Wednesday, October 19, 2011

wooly worms

This past weekend some friends and I went camping near Linville Falls, North Carolina.  It was a beautiful weekend.  The leaves in the mountains have already turned beautiful shades of red, orange and yellow.  The temperature was warm during the day, but chilly at night...perfect for huddling around a bonfire.

One of the highlights of the weekend was the Wooly Worm Festival in Banner Elk.  None of us was sure exactly what a wooly worm was until we found one crawling around our campsite.  It is not the most beautiful worm I have ever seen, but it was cute.

As I was holding the worm, whom we named either Wanda or Wilfred or William Wallace, I found myself saying to it, "It would be so sad if you stayed a worm forever."  As I said this my heart caught up in my throat and I realized I was talking to myself.  I have been feeling particularly wormy lately.  Wanting to be different but finding myself the same.  Doing the same things I always do.  Thinking the same thoughts I always think.

Last night my roommate and a friend and I were sitting around my table and somehow the wooly worms came up in conversation.  I told them about how sad I felt at the thought that a wooly worm might stay a worm for life.  All of a sudden I felt desperate to know if the worm was actually a caterpillar.  "I don't want to be a worm.  I want to fly," I shouted.  I couldn't look it up fast enough.

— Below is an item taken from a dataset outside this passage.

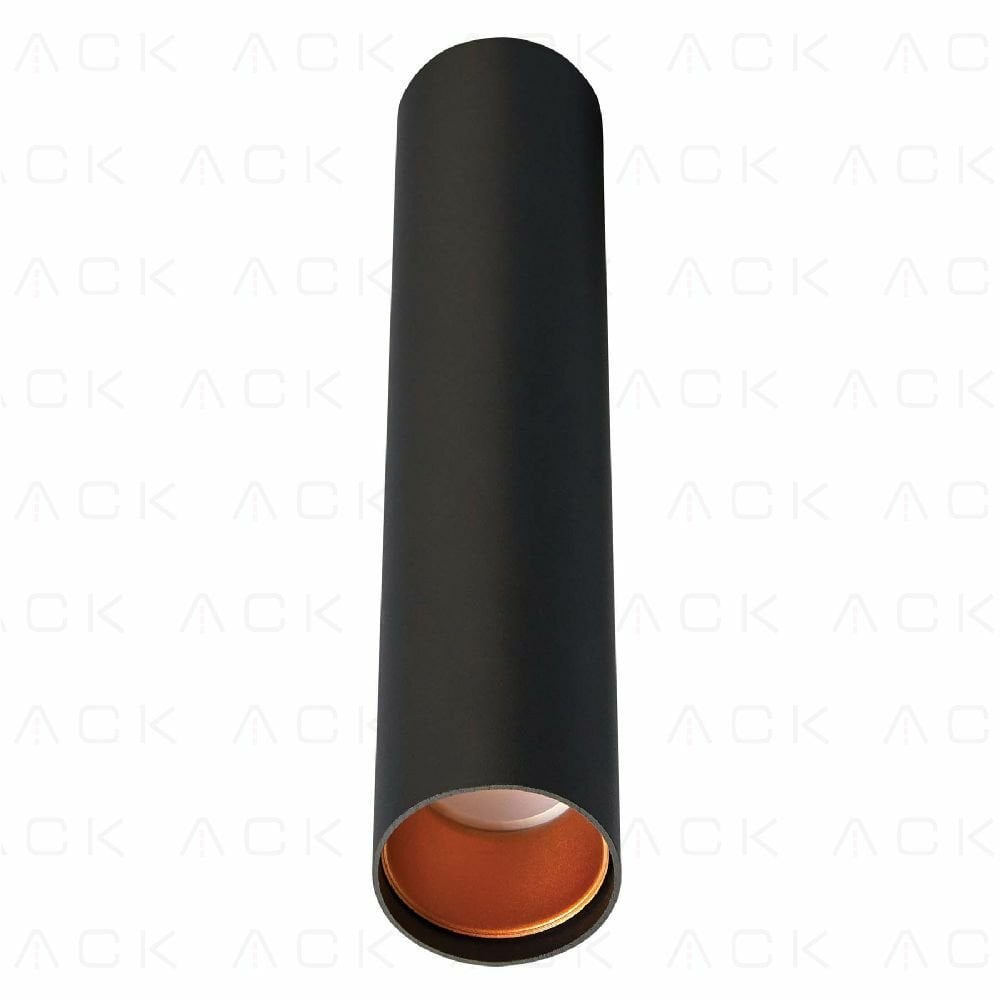 Ack Sivaüstü Dekoratif Armatür 600X300Mm Turuncu Reflektör Siyah Kasa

 I burst into tears as I discovered that indeed, the Wooly Worm is actually a caterpillar.  It is the larva of the Isabella Tiger Moth.  Hope!  Sweet hope flooded over me.  Knowing that the worm was going to become something else one day was encouragement to my overwhelmed heart.

The next day I was listening to Beth Moore and something she said made me realize that I still did not have it quite right, though.  The thing is, I am not a worm at all.  The Lord has already made me a new creation.    I don't have to live like worm anymore.  "Become what you already are," a friend said to me recently.

My favorite part is that Isabella, the name of the moth, means "God's promise" or "My God is a oath."

Therefore, if anyone is in Christ, the new creation has come: The old has gone, the new is here! 2 Corinthians 5:17

Let us hold unswervingly to the hope we profess, for he who promised is faithful. Hebrews 10:23 

You make me new, you are making me new. ~ Beautiful Things by Gungor

1 comment:

Christina Jill said...

I am thankful for this... wishing I could laugh and hear you sing "fly" again... you are beautiful, a butterfly, Trish Jackson.